Go through the listing below and list every line with "Yacht".

*SUPPLIED MATERIAL*.
····················

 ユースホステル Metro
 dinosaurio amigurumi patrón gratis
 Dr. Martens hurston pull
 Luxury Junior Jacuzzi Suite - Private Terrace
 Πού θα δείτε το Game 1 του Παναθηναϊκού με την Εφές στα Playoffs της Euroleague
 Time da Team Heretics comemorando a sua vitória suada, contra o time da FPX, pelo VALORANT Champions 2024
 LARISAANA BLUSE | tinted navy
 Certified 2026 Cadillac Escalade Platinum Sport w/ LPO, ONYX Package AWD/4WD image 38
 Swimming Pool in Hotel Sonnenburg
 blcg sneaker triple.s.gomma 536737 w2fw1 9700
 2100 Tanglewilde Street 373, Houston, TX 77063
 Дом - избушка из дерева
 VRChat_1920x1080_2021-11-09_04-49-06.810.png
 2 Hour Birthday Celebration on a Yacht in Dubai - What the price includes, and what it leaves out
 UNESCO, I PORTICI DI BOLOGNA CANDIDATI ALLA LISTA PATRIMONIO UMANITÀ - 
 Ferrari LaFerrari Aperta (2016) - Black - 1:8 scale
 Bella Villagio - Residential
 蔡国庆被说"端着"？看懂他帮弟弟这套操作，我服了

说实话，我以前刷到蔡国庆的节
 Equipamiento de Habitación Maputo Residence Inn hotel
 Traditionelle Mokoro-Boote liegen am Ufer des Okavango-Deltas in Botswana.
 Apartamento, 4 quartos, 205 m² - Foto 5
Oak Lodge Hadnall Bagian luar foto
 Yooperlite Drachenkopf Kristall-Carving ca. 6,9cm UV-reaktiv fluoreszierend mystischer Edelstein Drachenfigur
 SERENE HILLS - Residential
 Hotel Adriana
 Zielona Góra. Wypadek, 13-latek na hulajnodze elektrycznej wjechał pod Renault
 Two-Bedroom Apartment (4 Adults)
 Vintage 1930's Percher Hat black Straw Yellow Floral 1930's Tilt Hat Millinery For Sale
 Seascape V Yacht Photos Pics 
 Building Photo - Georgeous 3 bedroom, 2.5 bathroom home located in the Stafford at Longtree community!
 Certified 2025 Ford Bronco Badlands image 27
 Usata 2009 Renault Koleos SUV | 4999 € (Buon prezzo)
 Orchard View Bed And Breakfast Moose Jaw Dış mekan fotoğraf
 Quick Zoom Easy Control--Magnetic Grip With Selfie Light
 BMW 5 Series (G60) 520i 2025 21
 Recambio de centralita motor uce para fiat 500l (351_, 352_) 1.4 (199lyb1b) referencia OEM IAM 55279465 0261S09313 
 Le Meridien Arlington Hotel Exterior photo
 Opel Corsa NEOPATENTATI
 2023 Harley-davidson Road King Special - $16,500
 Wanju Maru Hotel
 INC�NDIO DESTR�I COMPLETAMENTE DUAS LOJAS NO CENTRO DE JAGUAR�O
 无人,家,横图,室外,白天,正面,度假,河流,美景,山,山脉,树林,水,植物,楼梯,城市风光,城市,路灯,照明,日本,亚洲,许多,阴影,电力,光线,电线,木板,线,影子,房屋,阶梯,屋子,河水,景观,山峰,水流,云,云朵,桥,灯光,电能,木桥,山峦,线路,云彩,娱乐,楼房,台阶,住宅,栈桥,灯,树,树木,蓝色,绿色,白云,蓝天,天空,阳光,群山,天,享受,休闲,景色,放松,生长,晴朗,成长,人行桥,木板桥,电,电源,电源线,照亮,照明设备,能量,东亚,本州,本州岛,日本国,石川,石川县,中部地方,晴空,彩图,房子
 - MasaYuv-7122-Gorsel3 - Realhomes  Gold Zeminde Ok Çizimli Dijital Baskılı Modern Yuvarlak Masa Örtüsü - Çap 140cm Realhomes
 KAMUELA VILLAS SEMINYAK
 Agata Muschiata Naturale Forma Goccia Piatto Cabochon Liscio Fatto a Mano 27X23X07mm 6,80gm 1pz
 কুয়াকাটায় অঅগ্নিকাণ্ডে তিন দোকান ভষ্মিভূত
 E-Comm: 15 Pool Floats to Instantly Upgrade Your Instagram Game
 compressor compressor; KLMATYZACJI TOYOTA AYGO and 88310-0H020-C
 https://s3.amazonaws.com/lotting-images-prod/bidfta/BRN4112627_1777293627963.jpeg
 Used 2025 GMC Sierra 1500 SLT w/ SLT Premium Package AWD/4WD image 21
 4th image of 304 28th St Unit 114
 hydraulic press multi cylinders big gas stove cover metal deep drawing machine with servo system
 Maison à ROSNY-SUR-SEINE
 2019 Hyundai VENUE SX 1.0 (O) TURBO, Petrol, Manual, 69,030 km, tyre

····················

*EXPECTED ANSWER*.
 2 Hour Birthday Celebration on a Yacht in Dubai - What the price includes, and what it leaves out
 Seascape V Yacht Photos Pics 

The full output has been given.